Thursday, 14 January 2016: 2:45 PM
La Nouvelle A ( New Orleans Ernest N. Morial Convention Center)
In this study the Weather Research and Forecasting (WRF) model is used to produce case studies of the effects of climate change on precipitation organization in the Southeast U.S. Precipitation can be organized into widespread, heavy mesoscale precipitating features (MPFs) or short-lived, isolated precipitating features (IPFs). In this study precipitation organization will be analyzed using the algorithm described in Rickenbach et al. (2015) which classifies precipitation into MPFs and IPFs. In general, MPFs tend to be more common during the winter as they are linked to the large-scale forcing provided by midlatitude cyclones, while IPFs occur more often during the summer due to variations in surface heating (Rickenbach et al. 2015). Existing studies suggest that by the end of this century higher water vapor content will lead to an overall increase in precipitation, but few studies have examined changes in precipitation organization.

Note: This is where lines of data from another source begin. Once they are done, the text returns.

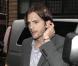 Ashton Kutcher se rend dans les studios de la BBC Radio 1 à Londres le 10 février 2011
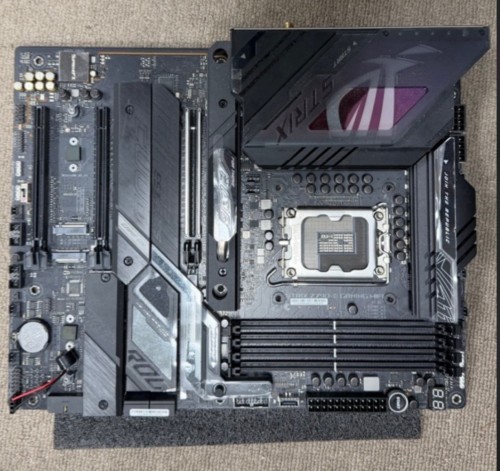 Asus ASUS ROG STRIX Z790-E GAMING WIFI  550,000원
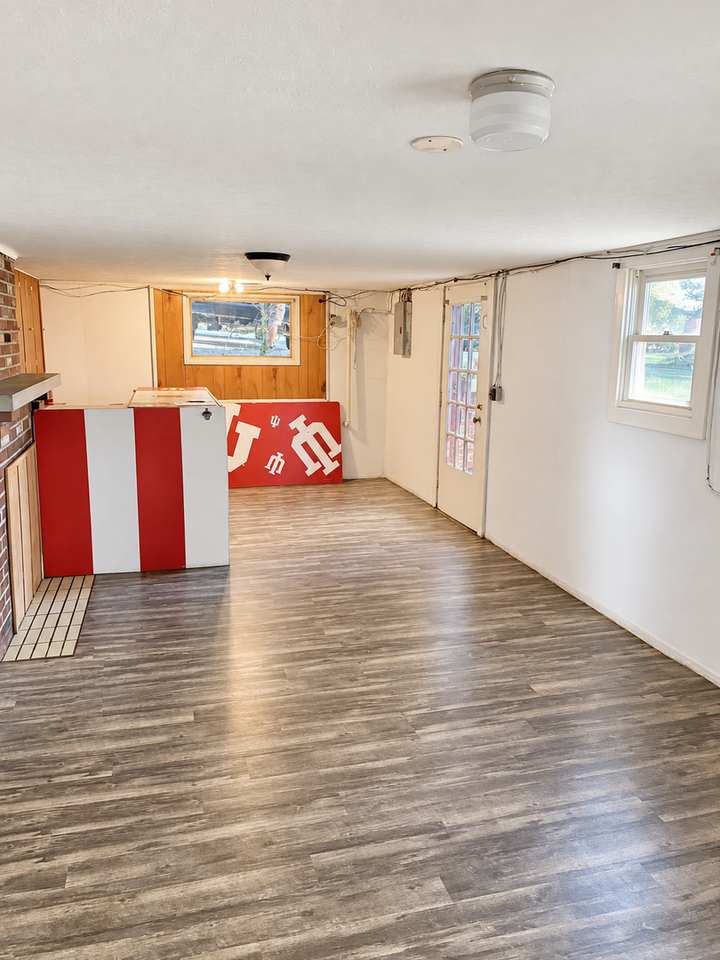 120 E 17th St - Photo 2 of 15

This study uses WRF to simulate notable wintertime and summertime precipitation events in the Southeast U.S. under present and future climate conditions. While present climate simulations will be initialized using real observed data, future climate simulations will be performed using the pseudo-global warming (PGW, Kimura and Kitoh 2007) approach. In the PGW approach the model's initial conditions are adjusted based on temperature projections from several CMIP5 general circulation model simulations.
A comparison between the present and future climate simulations for each precipitation event will reveal changes in precipitation organization due to climate change. It is hypothesized that the higher water vapor content in the future climate simulation will result in an increase in the number of IPFs, while MPFs will be more intense and longer-lasting.